# Homework - MLOps Zoomcamp 2025

This notebook contains the solution to the homework for Week 1 of the MLOps Zoomcamp 2025.

In [None]:
# Import necessary libraries
import pandas as pd
import numpy as np
from sklearn.linear_model import LinearRegression
from sklearn.metrics import mean_squared_error
from sklearn.feature_extraction import DictVectorizer

# Download the January and February 2023 data
url_jan = 'https://d37ci6vzurychx.cloudfront.net/trip-data/yellow_tripdata_2023-01.parquet '
url_feb = 'https://d37ci6vzurychx.cloudfront.net/trip-data/yellow_tripdata_2023-02.parquet '

# Read the data
df_jan = pd.read_parquet(url_jan)
df_feb = pd.read_parquet(url_feb)

In [None]:
# How many columns are there in the January data?
num_columns = df_jan.shape[1]
print(f"Number of columns in January: {num_columns}")

In [None]:
# Calculate the trip duration in minutes
df_jan['duration'] = (df_jan['tpep_dropoff_datetime'] - df_jan['tpep_pickup_datetime']).dt.total_seconds() / 60

# What is the standard deviation of the trip durations in January?
std_duration = df_jan['duration'].std()
print(f"Standard deviation of trip durations in January: {std_duration:.2f}")

In [None]:
# Filter outliers
df_jan_filtered = df_jan[(df_jan['duration'] >= 1) & (df_jan['duration'] <= 60)]

# What fraction of the records remain after removing outliers?
fraction_remaining = len(df_jan_filtered) / len(df_jan)
print(f"Fraction of remaining records: {fraction_remaining:.2%}")

In [None]:
# Prepare the data for the model
df_jan_filtered['PUlocationID'] = df_jan_filtered['PULocationID'].astype(str)
df_jan_filtered['DOlocationID'] = df_jan_filtered['DOLocationID'].astype(str)
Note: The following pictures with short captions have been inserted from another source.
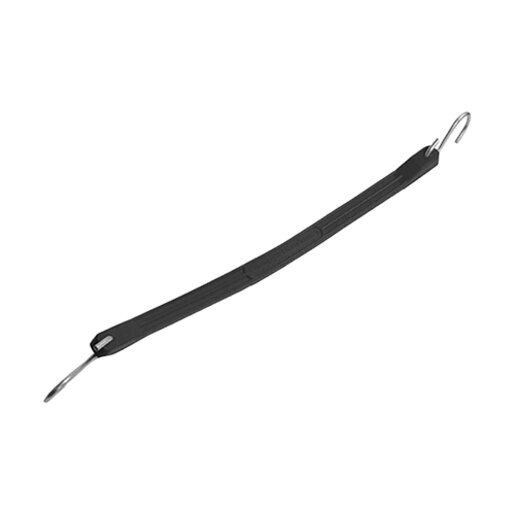 Snappi-Hookers 15in Rubber Tie-Down Strap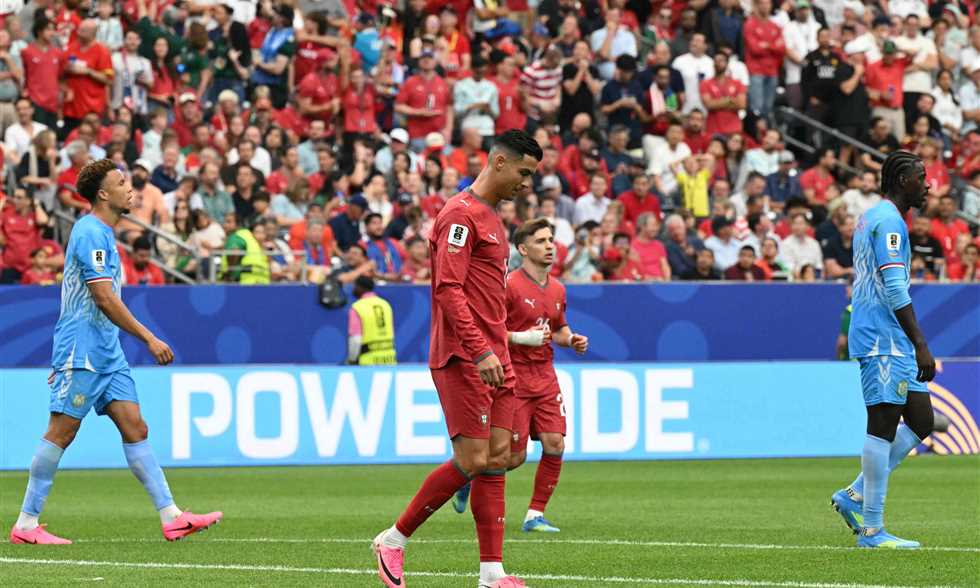 كأس العالم – رونالدو: مباراة كان يمكن أن نكسبها أو نخسرها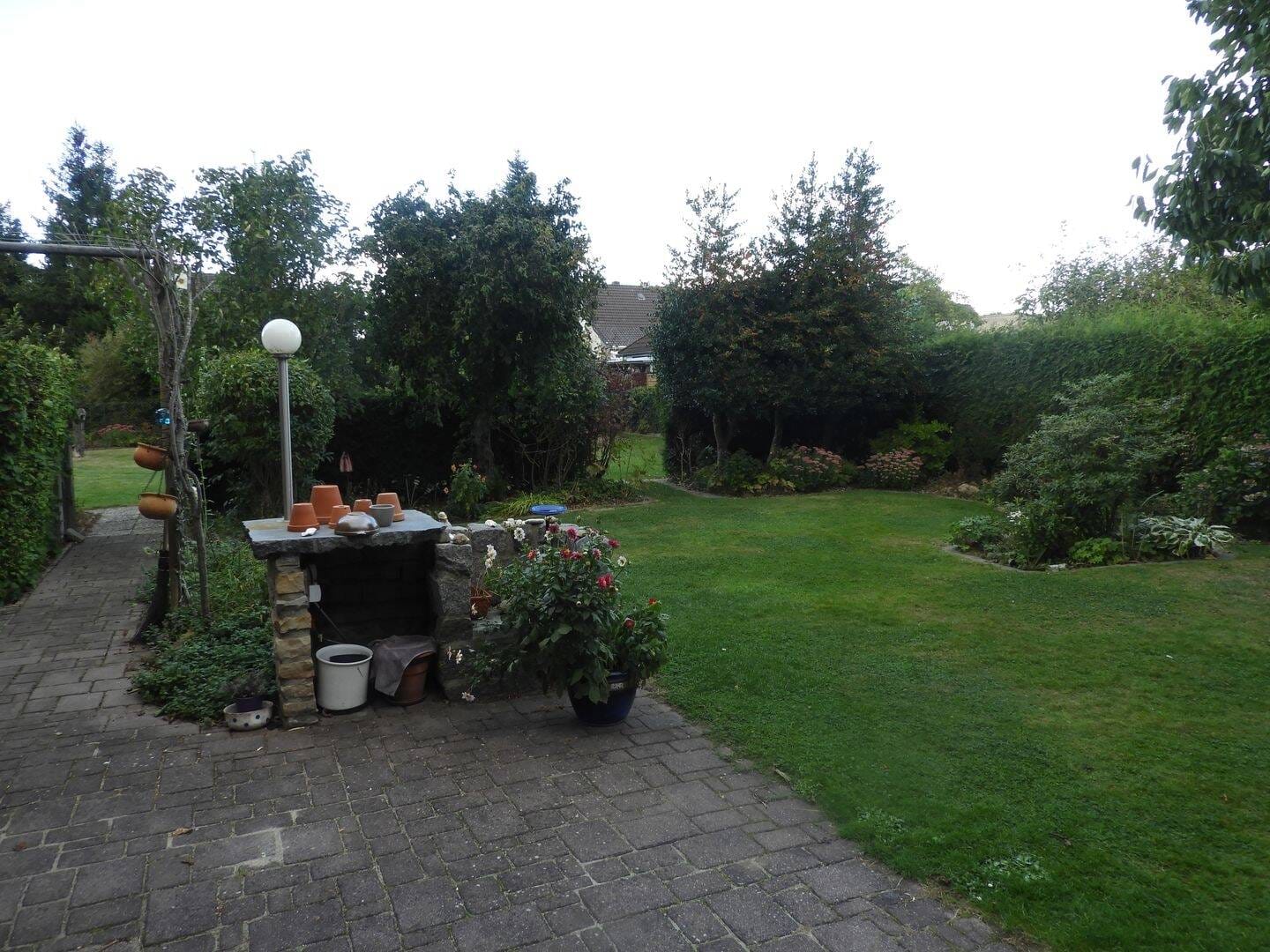 Immobilie in Wittingen - Sehr gepflegtes Zweifamilienhaus mit Garage und Vollkeller in guter ruhiger Lage in Wittingen zu verkaufen * Klingengarten 2 * 29378 Wittingen - Bild 4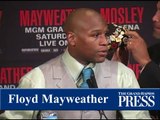 Floyd Mayweather beats Shane Mosley by unanimous decision; Manny Pacquiao next?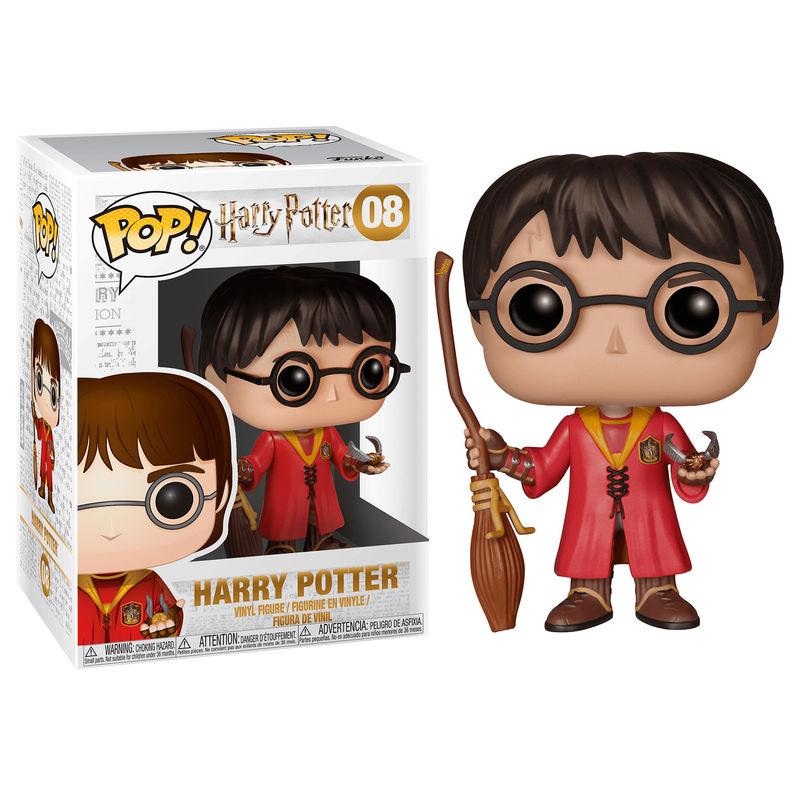 Funko Pop! Harry Potter - Harry Potter Quidditch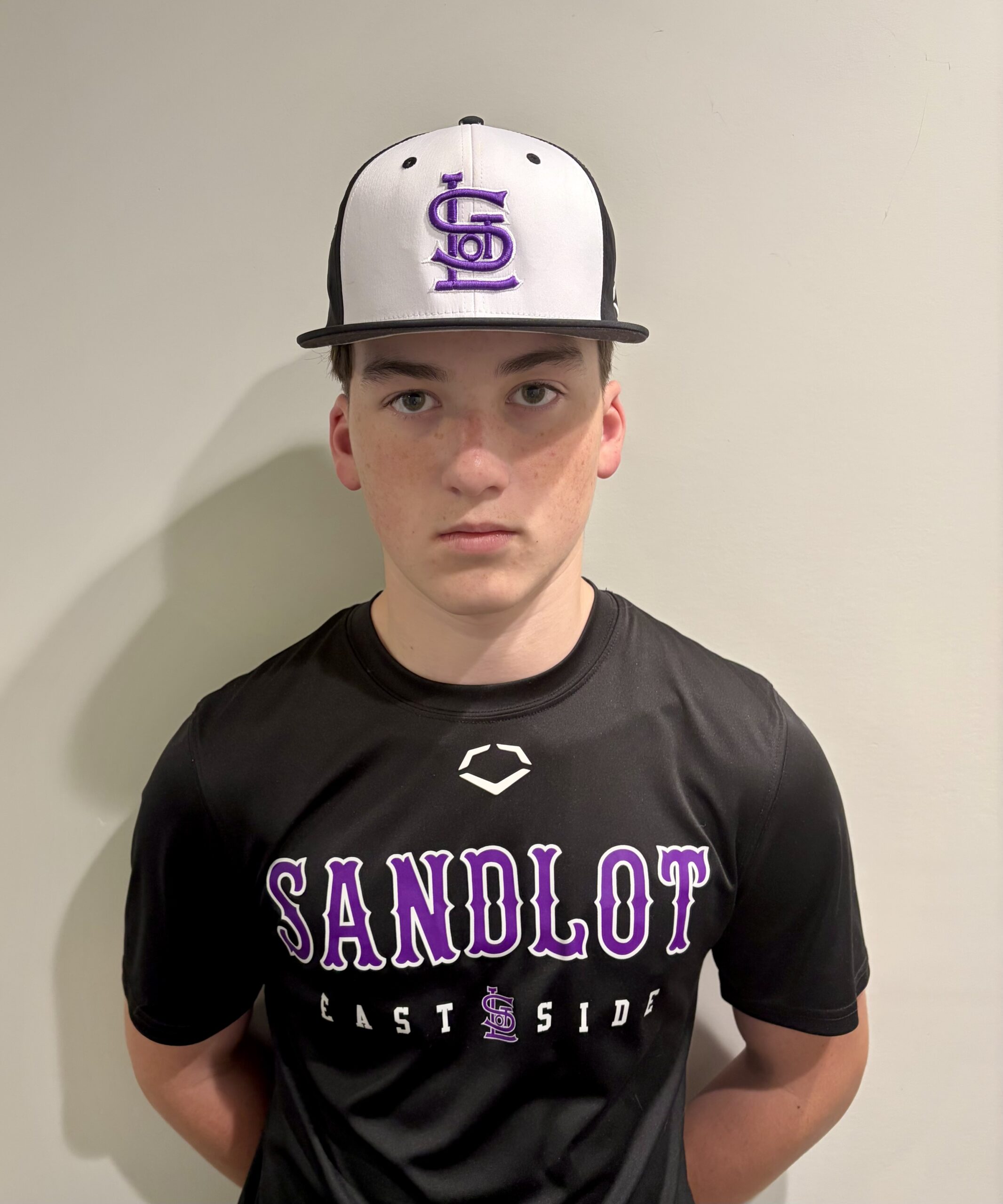 #13 - C/1B Caden Versele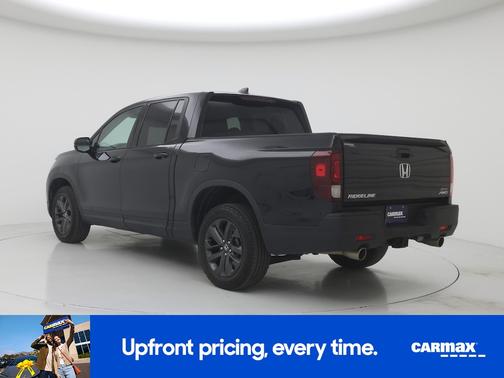 2023 Honda Ridgeline Sport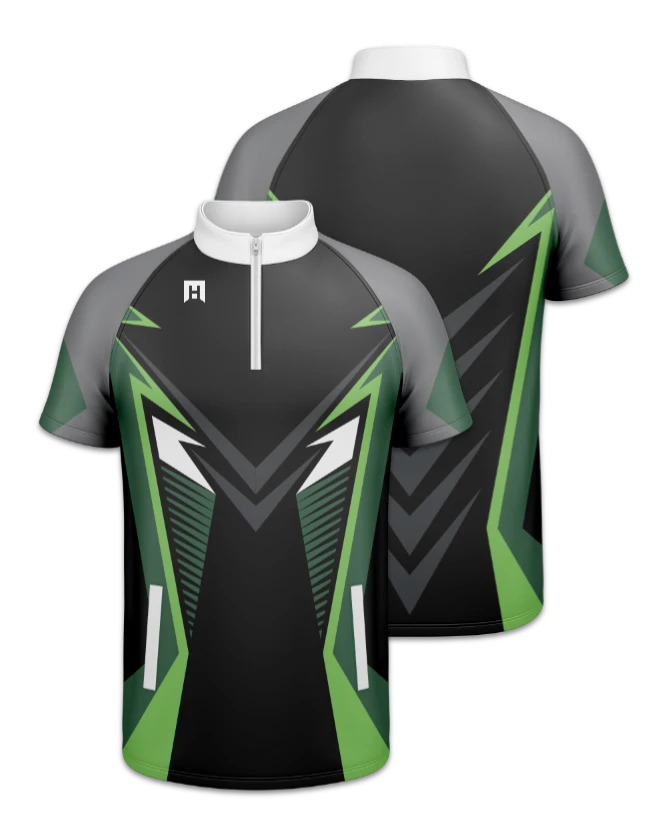 Rendered design template preview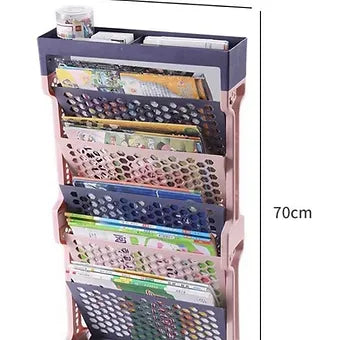 Document Trolley 6tier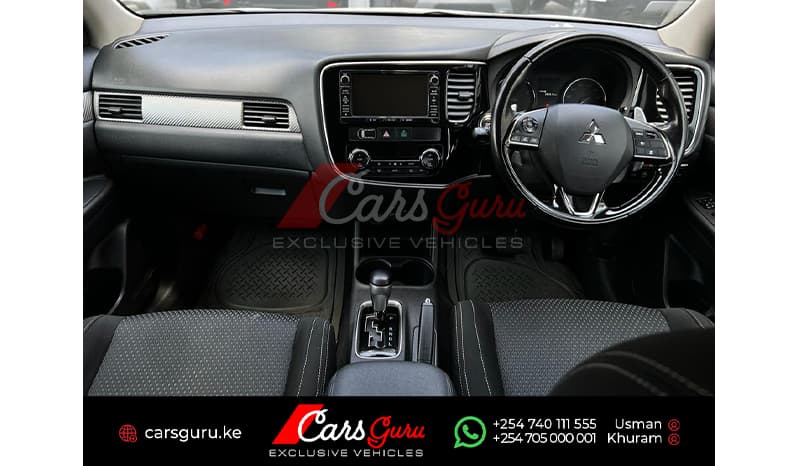 2015 Mitsubishi Outlander Nikk image-5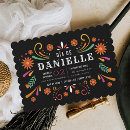 Search for de lo invitations Mexican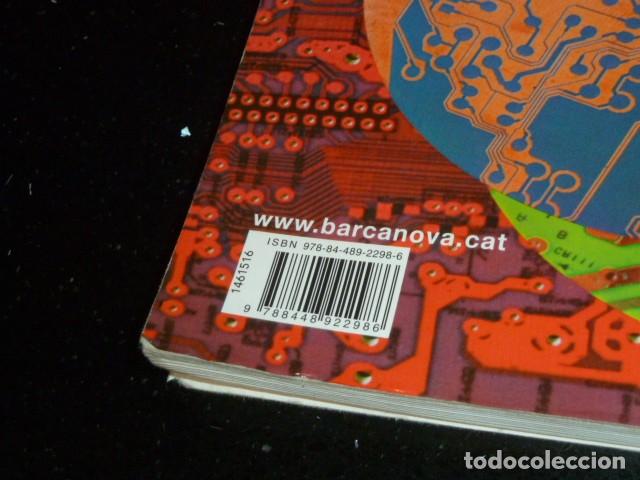 Libros de segunda mano: Tecnolog&iacute;a 4&ordf; ESO. Ed.Barcanova. Catal&aacute;n - Foto 2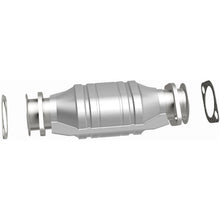 Load image into Gallery viewer, MagnaFlow Direct Fit Catalytic Converter 98-01 Nissan Altima 2.4L, Rear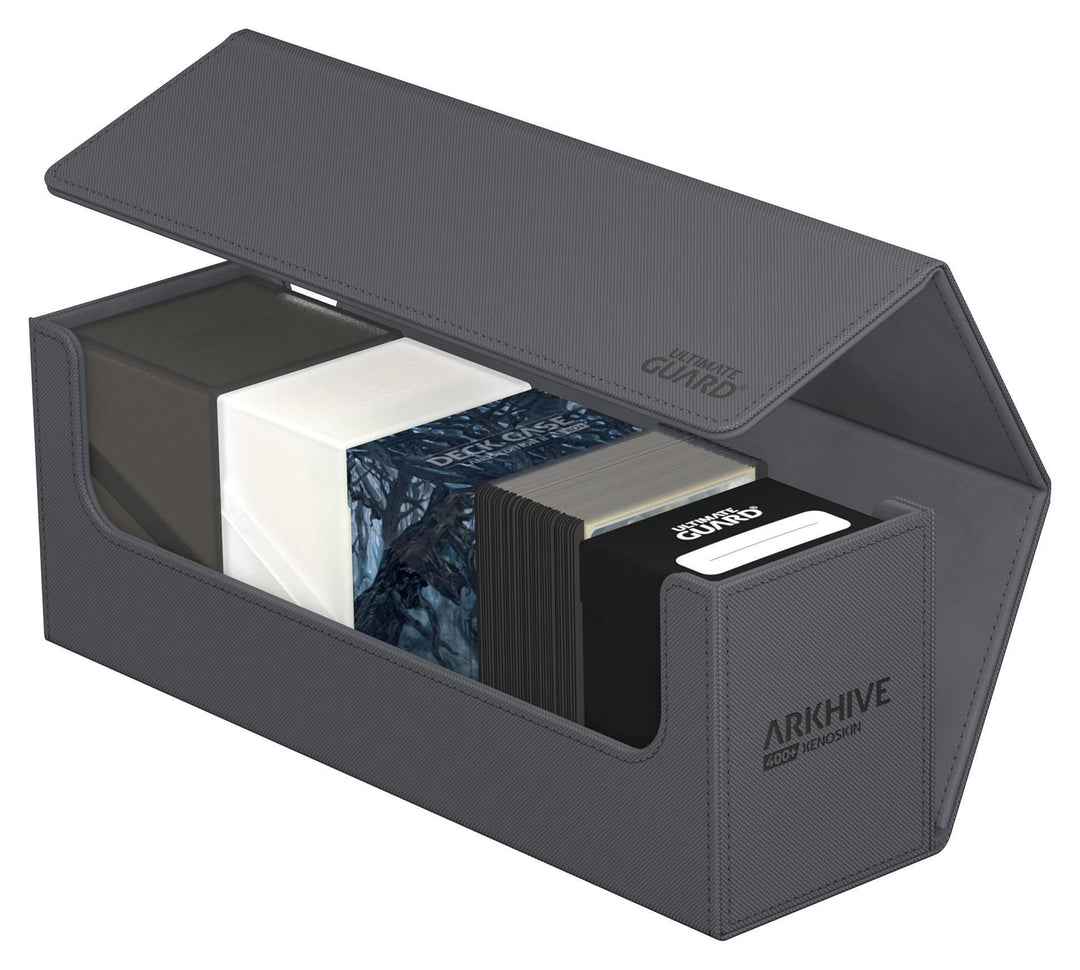 Arkhive 400+ XenoSkin Monocolor Grau / Grey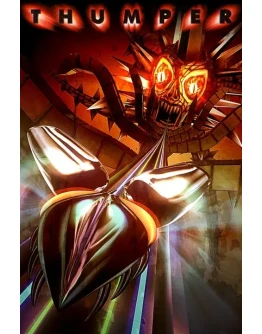 Thumper Xbox One & Xbox Series XS активация Thumper Xbox One & Xbox Series XS активация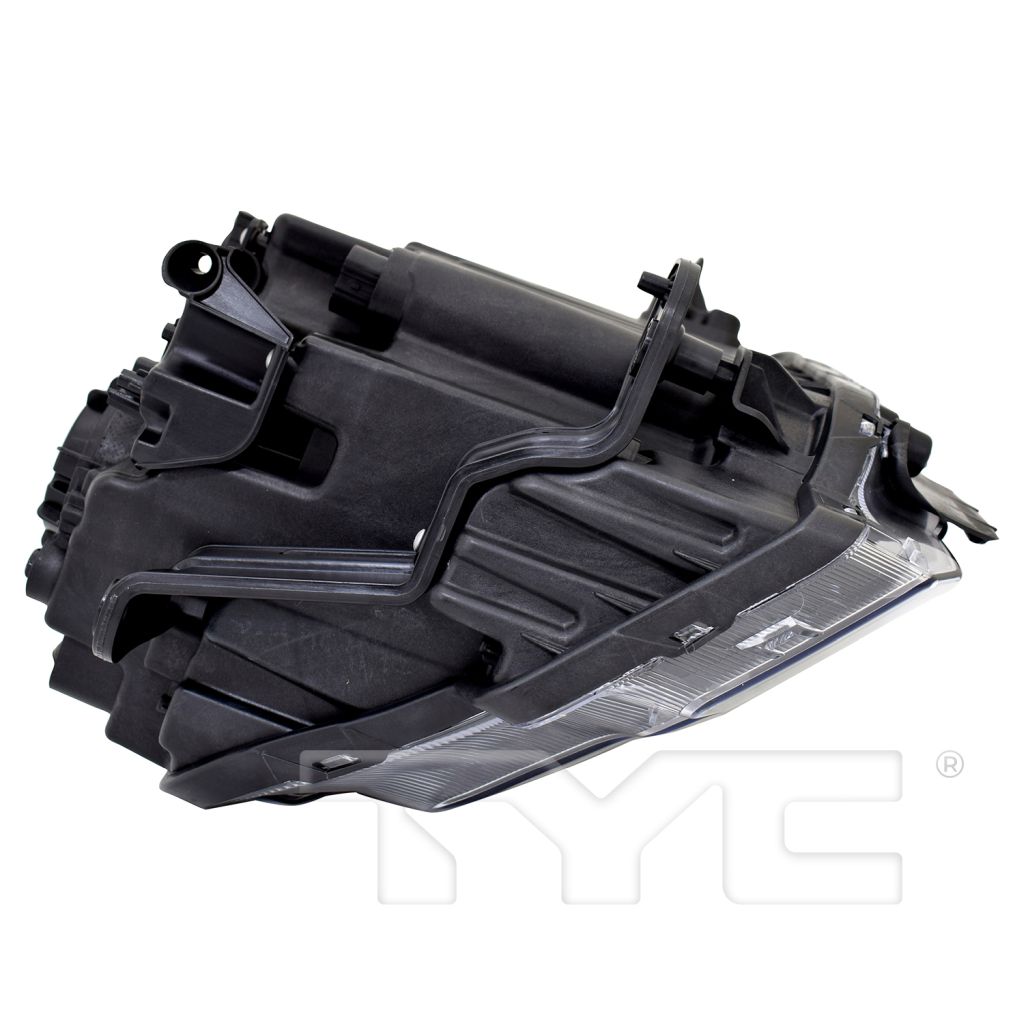 HYUNDAI PALISADE HEAD LAMP ASSY RIGHT (Passenger Side) (LED)(WO/LOGO) OEM#92102S8110 2020-2022 PL#HY2503246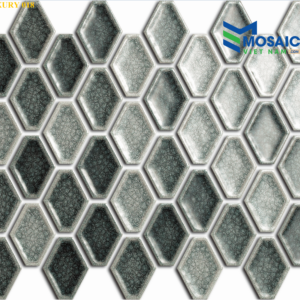 Gạch Mosaic G-Luxury Lục lăng  G-LUXURY 018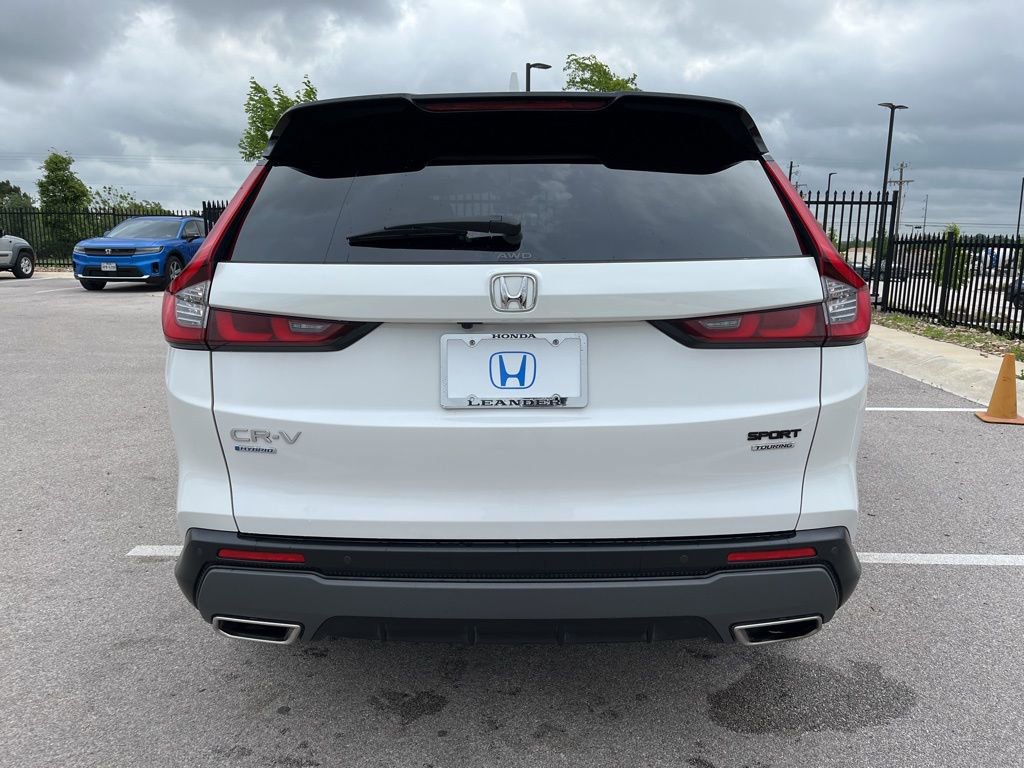 Certified 2023 Honda CR-V Sport Touring image 5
# Create a list of dictionaries for the vectorizer
train_dicts = df_jan_filtered[['PUlocationID', 'DOlocationID']].to_dict(orient='records')

# One-hot encoding
dv = DictVectorizer()
X_train = dv.fit_transform(train_dicts)
y_train = df_jan_filtered['duration'].values

# What is the dimensionality of the feature matrix (number of columns)?
num_features = X_train.shape[1]
print(f"Number of columns in the feature matrix: {num_features}")

In [None]:
# Train a linear regression model
model = LinearRegression()
model.fit(X_train, y_train)

# What is the RMSE on the training set?
y_train_pred = model.predict(X_train)
rmse_train = np.sqrt(mean_squared_error(y_train, y_train_pred))
print(f"RMSE on the training set: {rmse_train:.2f}")

In [None]:
# Process the validation data (February)
df_feb['duration'] = (df_feb['tpep_dropoff_datetime'] - df_feb['tpep_pickup_datetime']).dt.total_seconds() / 60
df_feb_filtered = df_feb[(df_feb['duration'] >= 1) & (df_feb['duration'] <= 60)]

df_feb_filtered['PUlocationID'] = df_feb_filtered['PULocationID'].astype(str)
df_feb_filtered['DOlocationID'] = df_feb_filtered['DOLocationID'].astype(str)

val_dicts = df_feb_filtered[['PUlocationID', 'DOlocationID']].to_dict(orient='records')
X_val = dv.transform(val_dicts)
y_val = df_feb_filtered['duration'].values

# What is the RMSE on the validation set?
y_val_pred = model.predict(X_val)
rmse_val = np.sqrt(mean_squared_error(y_val, y_val_pred))
print(f"RMSE on the validation set: {rmse_val:.2f}")